◆ Task goal ◆
The listing below should be printed exactly, every line of it. Skip the pictures.

Collected data START

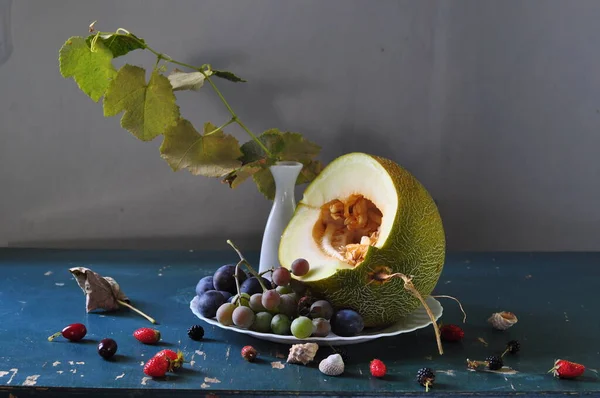 stock image ripe melon, grapes and a bouquet of summer flowers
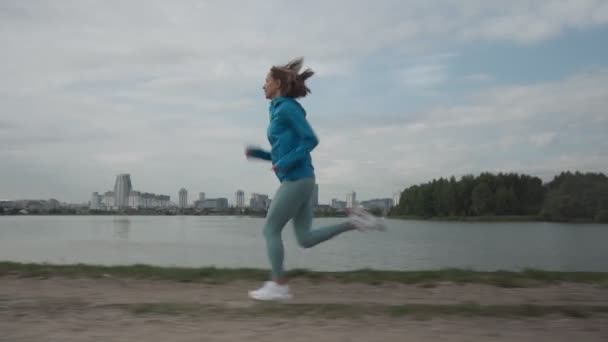 Ung idrottskvinna i sportkläder tåg i en park nära floden. Fitness kvinna jogga utomhus. Hälsosam aktiv livsstil — Stockvideo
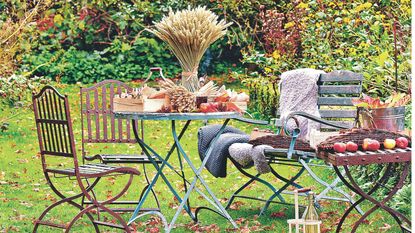 Metal bistro set on lawn in autumn garden with brown leaves and harvests including apples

Collected data END

◆ Task response ◆
 stock image ripe melon, grapes and a bouquet of summer flowers
 Ung idrottskvinna i sportkläder tåg i en park nära floden. Fitness kvinna jogga utomhus. Hälsosam aktiv livsstil — Stockvideo
 Metal bistro set on lawn in autumn garden with brown leaves and harvests including apples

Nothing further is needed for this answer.